Uno de los aspectos más perturbadores de los últimos dos años de la política exterior de Donald Trump ha sido la suposición de que las decisiones tomadas por los Estados Unidos son vinculantes para el resto del mundo. Aparte del tiempo de guerra, ninguna otra nación ha tratado de impedir que otras naciones negocien entre sí. Y los Estados Unidos también buscaron únicamente penalizar a otros países por presuntos delitos que no ocurrieron en los Estados Unidos y que no involucraban a ciudadanos estadounidenses, al tiempo que insisten en que todas las naciones deben cumplir con las sanciones impuestas por Washington.

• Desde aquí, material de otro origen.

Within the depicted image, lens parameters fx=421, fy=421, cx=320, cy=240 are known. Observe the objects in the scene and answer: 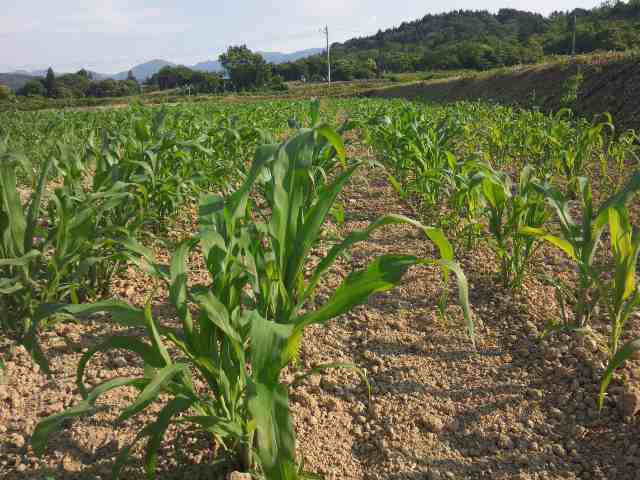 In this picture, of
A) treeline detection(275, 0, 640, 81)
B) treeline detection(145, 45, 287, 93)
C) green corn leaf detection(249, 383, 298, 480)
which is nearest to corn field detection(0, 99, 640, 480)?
green corn leaf detection(249, 383, 298, 480)

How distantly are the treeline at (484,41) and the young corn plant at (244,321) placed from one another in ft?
81.8

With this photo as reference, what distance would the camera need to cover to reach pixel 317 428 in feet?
4.42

Estados Unidos ahora se ve a sí mismo como juez, jurado y verdugo en la vigilancia de la comunidad internacional, un concepto que comenzó después de la Segunda Guerra Mundial cuando los presidentes estadounidenses comenzaron a referirse a sí mismos como «líder del mundo libre». Esta pretensión recibió respaldo legislativo con aprobación de la Ley de Lucha contra el Terrorismo de 1987 (ATA), modificada en 1992 más la legislación subsiguiente relacionada, para incluir la Ley de Justicia contra Patrocinadores del Terrorismo de 2016 (JASTA). El cuerpo de la legislación puede ser utilizado por ciudadanos o residentes de EE. UU. Para obtener juicios civiles contra presuntos terroristas en cualquier parte del mundo y puede emplearse para castigar a los gobiernos, organizaciones internacionales e incluso a las corporaciones que perciben que apoyan a los terroristas, incluso de manera indirecta o sin saberlo. Los demandantes pueden demandar por lesiones a su «persona, propiedad o negocio» y tienen diez años para presentar un reclamo.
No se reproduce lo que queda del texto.